Mantida a condenação ao pagamento de honorários advocatícios, nos termos da sentença, considerando que os documentos que ensejam o reconhecimento da especialidade do labor constam no procedimento administrativo.
Da sucumbência recursal.
Considerando o não provimento do recurso, de rigor a aplicação da regra do §11 do artigo 85 do CPC/2015, pelo que, a título de sucumbência recursal condeno a parte autora ao pagamento de honorários de advogado ao INSS, arbitrados em 2% do valor da condenação, observados os termos da Súmula nº 111 do Superior Tribunal de Justiça, cuja exigibilidade, diante da assistência judiciária gratuita que lhe foi concedida, fica condicionada à hipótese prevista no § 3º do artigo 98 do Código de Processo Civil/2015.

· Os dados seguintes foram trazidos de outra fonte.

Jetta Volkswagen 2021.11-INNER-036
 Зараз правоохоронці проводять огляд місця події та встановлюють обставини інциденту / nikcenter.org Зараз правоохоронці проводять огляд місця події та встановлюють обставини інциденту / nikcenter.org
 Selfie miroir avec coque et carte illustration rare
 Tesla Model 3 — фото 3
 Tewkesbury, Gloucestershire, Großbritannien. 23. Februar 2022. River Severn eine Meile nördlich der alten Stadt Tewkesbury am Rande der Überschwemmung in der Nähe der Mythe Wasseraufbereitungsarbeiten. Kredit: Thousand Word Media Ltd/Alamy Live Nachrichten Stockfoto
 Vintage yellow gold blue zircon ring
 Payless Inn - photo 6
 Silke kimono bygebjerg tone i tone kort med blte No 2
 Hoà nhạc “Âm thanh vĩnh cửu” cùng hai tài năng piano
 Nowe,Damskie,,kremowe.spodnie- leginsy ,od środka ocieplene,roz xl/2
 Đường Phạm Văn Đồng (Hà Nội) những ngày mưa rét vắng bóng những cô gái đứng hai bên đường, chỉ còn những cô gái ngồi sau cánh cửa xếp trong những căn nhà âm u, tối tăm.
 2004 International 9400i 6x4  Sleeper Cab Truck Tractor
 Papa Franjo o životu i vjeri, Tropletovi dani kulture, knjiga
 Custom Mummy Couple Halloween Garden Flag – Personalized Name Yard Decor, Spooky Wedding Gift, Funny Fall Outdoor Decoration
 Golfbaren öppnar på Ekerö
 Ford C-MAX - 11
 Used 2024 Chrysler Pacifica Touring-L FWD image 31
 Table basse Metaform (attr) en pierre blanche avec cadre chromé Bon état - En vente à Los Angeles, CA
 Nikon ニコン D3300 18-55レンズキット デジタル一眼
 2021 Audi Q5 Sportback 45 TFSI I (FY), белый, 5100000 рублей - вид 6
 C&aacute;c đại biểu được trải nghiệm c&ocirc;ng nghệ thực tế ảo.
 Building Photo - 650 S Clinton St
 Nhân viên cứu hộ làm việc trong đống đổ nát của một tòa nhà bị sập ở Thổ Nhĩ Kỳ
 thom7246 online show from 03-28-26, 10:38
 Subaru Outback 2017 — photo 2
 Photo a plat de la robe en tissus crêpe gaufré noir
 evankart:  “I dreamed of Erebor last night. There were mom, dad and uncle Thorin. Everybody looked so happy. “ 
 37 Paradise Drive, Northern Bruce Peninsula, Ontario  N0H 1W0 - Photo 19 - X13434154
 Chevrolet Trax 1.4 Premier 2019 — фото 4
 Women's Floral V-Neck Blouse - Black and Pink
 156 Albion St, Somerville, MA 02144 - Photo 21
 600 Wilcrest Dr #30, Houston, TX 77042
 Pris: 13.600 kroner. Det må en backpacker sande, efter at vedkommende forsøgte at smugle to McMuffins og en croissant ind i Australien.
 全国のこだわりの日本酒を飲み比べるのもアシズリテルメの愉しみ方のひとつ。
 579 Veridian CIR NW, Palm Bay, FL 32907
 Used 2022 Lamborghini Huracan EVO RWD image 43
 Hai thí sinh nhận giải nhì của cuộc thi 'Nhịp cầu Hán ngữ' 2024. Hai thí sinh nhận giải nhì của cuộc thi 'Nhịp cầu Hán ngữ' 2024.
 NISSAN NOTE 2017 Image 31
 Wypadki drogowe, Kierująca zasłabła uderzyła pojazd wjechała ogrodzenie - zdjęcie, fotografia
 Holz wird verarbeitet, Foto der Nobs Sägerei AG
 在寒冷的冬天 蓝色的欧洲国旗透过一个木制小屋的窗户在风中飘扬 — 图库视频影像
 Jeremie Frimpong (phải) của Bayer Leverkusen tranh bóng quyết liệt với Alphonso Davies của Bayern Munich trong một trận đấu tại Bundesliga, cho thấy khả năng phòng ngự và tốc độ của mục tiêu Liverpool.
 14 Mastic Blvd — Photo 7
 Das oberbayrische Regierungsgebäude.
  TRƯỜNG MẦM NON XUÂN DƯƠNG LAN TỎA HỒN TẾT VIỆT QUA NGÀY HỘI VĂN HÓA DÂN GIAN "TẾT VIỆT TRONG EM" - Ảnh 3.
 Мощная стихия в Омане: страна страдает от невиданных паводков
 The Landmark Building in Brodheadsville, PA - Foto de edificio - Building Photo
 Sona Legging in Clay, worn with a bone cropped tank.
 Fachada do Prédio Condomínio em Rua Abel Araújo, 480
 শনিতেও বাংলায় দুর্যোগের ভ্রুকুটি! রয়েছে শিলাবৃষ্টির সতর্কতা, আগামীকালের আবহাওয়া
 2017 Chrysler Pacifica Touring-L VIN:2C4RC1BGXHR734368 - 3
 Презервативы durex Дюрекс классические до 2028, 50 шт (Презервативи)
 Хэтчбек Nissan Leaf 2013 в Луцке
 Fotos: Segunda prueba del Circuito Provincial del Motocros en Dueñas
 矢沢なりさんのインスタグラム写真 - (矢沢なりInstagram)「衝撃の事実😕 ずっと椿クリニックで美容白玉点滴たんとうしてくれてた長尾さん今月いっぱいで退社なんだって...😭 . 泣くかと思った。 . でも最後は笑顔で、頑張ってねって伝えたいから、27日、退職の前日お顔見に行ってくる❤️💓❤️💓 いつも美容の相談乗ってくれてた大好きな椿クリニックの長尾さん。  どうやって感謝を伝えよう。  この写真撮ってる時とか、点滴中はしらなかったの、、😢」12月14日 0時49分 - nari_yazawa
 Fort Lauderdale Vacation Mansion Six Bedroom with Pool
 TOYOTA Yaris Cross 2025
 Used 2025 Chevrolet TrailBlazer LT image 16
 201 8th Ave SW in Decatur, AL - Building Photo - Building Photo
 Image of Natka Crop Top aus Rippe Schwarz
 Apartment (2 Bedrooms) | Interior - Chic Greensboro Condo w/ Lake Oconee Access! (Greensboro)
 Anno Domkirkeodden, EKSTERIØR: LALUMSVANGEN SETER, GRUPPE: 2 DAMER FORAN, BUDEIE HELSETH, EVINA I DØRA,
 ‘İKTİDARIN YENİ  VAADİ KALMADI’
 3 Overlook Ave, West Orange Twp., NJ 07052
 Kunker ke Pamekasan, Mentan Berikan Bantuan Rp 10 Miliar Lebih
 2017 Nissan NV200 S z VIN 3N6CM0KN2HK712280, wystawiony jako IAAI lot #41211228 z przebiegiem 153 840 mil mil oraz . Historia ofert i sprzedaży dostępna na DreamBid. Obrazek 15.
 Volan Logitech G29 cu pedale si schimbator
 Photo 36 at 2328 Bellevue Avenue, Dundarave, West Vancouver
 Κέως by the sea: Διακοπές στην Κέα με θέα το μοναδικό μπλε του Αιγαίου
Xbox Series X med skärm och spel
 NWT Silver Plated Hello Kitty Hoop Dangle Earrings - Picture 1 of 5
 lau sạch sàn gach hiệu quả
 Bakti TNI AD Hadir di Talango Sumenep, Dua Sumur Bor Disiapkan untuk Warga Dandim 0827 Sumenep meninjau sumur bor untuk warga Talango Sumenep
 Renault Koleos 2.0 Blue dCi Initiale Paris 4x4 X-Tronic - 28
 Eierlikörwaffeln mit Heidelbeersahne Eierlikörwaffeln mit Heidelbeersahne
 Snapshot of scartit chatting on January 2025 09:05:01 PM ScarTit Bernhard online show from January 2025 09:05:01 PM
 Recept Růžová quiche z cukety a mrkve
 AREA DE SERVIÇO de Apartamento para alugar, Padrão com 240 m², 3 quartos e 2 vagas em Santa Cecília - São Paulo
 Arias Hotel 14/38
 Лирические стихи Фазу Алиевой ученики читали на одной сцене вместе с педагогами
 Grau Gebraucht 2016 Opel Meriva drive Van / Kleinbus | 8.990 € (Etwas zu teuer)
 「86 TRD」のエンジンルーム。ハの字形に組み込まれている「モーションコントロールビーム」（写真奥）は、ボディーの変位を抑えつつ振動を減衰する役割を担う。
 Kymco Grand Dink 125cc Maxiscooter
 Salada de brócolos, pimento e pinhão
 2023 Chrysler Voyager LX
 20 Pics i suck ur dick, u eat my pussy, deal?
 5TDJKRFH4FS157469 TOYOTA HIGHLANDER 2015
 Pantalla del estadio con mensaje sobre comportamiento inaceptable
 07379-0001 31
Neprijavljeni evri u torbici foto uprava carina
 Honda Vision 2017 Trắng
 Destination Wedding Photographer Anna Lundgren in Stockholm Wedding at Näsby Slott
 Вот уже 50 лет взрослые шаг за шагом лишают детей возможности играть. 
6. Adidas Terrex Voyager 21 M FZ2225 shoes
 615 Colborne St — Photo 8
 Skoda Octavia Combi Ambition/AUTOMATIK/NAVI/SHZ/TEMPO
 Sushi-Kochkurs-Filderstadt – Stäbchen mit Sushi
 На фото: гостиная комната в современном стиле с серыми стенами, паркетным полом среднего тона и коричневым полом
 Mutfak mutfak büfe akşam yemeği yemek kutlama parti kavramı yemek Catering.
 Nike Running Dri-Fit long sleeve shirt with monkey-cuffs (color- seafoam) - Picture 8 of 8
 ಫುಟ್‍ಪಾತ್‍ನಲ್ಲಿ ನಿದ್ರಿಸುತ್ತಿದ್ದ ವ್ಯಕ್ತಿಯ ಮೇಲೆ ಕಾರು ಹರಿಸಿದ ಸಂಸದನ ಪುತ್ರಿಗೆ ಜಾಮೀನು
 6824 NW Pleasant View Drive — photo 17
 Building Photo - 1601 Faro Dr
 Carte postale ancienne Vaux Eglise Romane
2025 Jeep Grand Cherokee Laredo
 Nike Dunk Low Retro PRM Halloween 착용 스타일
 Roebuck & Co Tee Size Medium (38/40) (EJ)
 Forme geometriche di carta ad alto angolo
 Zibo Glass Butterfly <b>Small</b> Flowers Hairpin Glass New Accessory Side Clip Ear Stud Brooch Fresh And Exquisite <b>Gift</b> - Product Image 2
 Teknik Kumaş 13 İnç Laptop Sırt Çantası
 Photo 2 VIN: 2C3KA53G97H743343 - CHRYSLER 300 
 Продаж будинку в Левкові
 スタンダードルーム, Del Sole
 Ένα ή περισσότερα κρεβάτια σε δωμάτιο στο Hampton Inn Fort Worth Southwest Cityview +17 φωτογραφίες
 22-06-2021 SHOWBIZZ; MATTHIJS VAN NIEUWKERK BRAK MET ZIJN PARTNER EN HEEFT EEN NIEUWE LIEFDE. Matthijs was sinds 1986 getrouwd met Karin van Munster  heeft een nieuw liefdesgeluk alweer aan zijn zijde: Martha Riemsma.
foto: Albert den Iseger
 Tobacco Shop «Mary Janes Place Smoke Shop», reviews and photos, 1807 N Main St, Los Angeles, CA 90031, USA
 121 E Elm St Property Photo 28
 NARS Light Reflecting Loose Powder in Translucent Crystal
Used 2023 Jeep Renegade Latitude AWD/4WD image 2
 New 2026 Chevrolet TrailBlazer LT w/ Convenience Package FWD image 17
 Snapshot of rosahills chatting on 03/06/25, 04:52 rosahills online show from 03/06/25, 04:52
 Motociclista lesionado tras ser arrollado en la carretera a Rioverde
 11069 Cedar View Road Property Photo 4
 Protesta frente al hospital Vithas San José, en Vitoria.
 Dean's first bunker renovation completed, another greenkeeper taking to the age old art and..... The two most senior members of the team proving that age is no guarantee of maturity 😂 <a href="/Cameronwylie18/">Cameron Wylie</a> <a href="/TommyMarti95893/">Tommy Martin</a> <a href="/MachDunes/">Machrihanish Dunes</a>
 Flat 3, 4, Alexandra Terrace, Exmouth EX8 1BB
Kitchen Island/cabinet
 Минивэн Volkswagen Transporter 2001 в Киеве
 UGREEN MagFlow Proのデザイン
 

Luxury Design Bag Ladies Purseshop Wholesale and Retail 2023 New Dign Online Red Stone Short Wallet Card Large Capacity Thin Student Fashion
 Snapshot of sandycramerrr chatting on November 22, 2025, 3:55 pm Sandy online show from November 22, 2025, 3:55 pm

Ante o exposto, REJEITO a questão preliminar referente ao reexame necessário, ACOLHO a preliminar de falta de interesse de agir, julgando extinto sem julgamento do mérito o pedido de averbação dos valores de salário de contribuição, reconhecidos na Justiça do Trabalho, ante a falta de prévio requerimento administrativo e no mérito, DOU PARCIAL PROVIMENTO à apelação do INSS para reformar parcialmente a sentença no tocante ao termo inicial dos efeitos financeiros para que seja respeitada a prescrição quinquenal e NEGO PROVIMENTO à apelação da parte, nos termos da fundamentação supra.
É o voto.
E M E N T A
PREVIDENCIÁRIO. APELAÇÃO CÍVEL. PRELIMINARES. REMESSA NECESSÁRIA. SENTENÇA NÃO SUBMETIDA. FALTA DE INTERESSE DE AGIR DE PARTE DO PEDIDO. CONFIGURADO, AUSÊNCIA DE PRÉVIO REQUERIMENTO ADMINISTRATIVO. TEMA 350 DO STF. CERCEAMENTO DE DEFESA. INOCORRÊNCIA. REVISÃO DA RMI DA APOSENTADORIA POR TEMPO DE SERVIÇO/CONTRIBUIÇÃO. COMPROVAÇÃO DAS CONDIÇÕES ESPECIAIS. RUÍDO. USO DE EPI. EFEITOS FINANCEIROS. HONORÁRIOS DE ADVOGADO. SUCUMBÊNCIA RECURSAL.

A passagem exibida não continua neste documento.